How a Discectomy Works
During surgery, MSBI neurosurgeons remove only the damaged portion of the disc. If improved visualization is needed, a small section of bone may be removed:
- Laminotomy – small window in the lamina
- Laminectomy – larger opening if more access is needed
This relieves nerve pressure while preserving spinal stability.
Who Is a Candidate for Discectomy?
A discectomy is recommended when a herniated disc causes nerve compression that limits daily function.
Ideal Candidates
You may be considered for surgery if you have:
- Severe leg or arm pain lasting 6+ weeks
- Weakness, numbness, or reduced sensation
- Difficulty performing daily tasks
- Imaging confirming nerve root compression
- No improvement after physical therapy, medication, or injections
These symptoms are often classified by physicians as lumbar radiculopathy or cervical radiculopathy.
Discectomy Recovery
Most patients return to normal activities quickly after surgery.
Typical Recovery Timeline
- 2–4 weeks: Return to office-based work
- 4–8 weeks: Return to light-to-moderate physical labor
- 6–12 weeks: Clearance for heavy labor or jobs requiring lifting
Your care team may recommend structured Pain Management Services, activity modification, or physical therapy depending on your occupation and healing progress.
Discectomy at Midwest Spine & Brain Institute
MSBI’s board-certified spine surgeons perform both minimally invasive discectomies and complex procedures based on imaging findings and nerve involvement.
We support patients with coordinated services, including:
- Diagnostics & Imaging (X-ray, MRI, CT)
- Spine Conditions management
- Pain Management Services
- Post-operative rehabilitation guidance
We provide care throughout the Twin Cities metro, greater Minnesota, and Western Wisconsin.
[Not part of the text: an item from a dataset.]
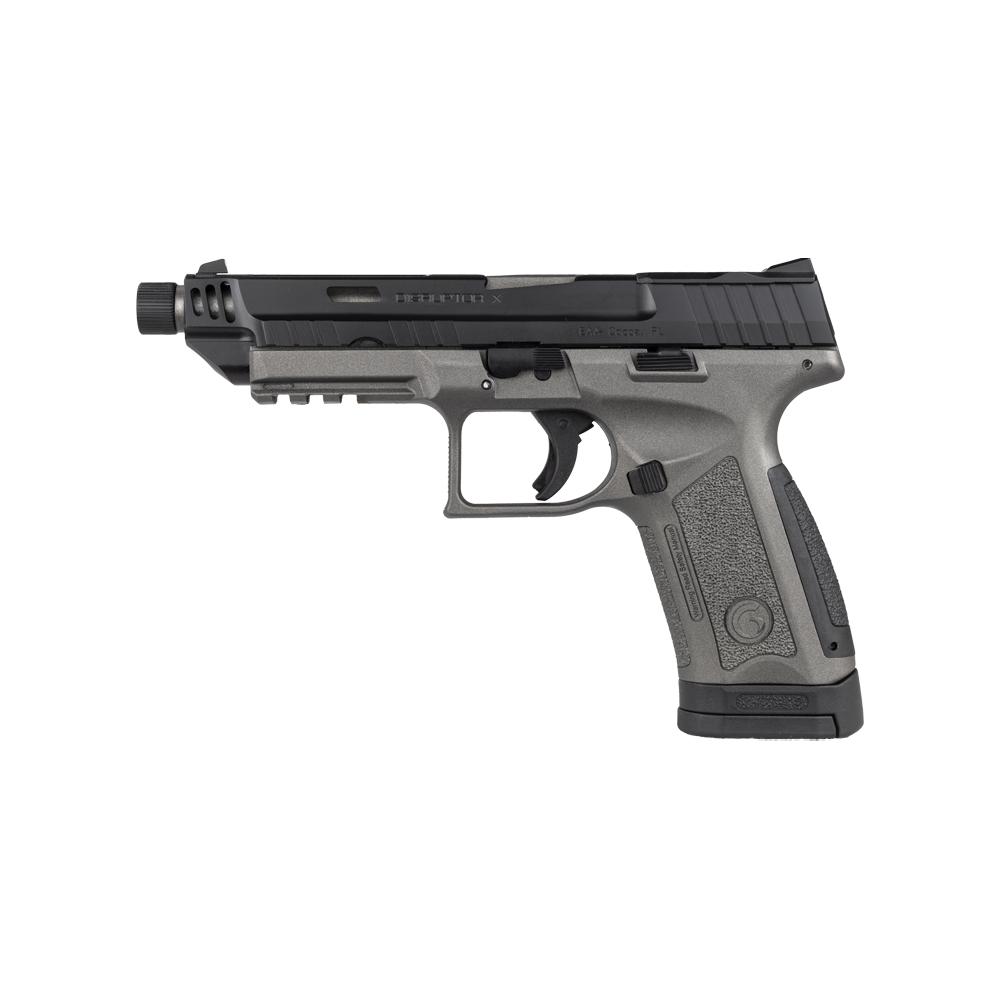 Eaa Girsan MC9 Disruptor X 9MM 17+1 Optics Ready - Image 2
To schedule a consultation, call 1.800.353.7720 or submit the appointment request form.
Frequently Asked Questions
What symptoms does a discectomy relieve?
A discectomy relieves nerve compression symptoms such as leg pain (sciatica), arm pain, numbness, tingling, and muscle weakness.
Is a discectomy minimally invasive?
Yes. Most discectomies are performed using minimally invasive techniques, resulting in smaller incisions and faster recovery.
How long does discectomy recovery take?
Many patients return to office work in 2–4 weeks and to physical labor in 4–8 weeks, depending on job demands and healing.
What risks are associated with discectomy?
Risks include infection, bleeding, nerve irritation, and disc re-herniation, but complication rates are generally low with modern surgical techniques.
Does a discectomy cure a herniated disc permanently?
A discectomy removes the herniated fragment causing symptoms, but discs can re-herniate; lifestyle changes such as core strengthening reduce risk.
When is emergency surgery needed?
Emergency evaluation is necessary when weakness worsens rapidly or if bowel or bladder control changes, which may indicate severe nerve compression.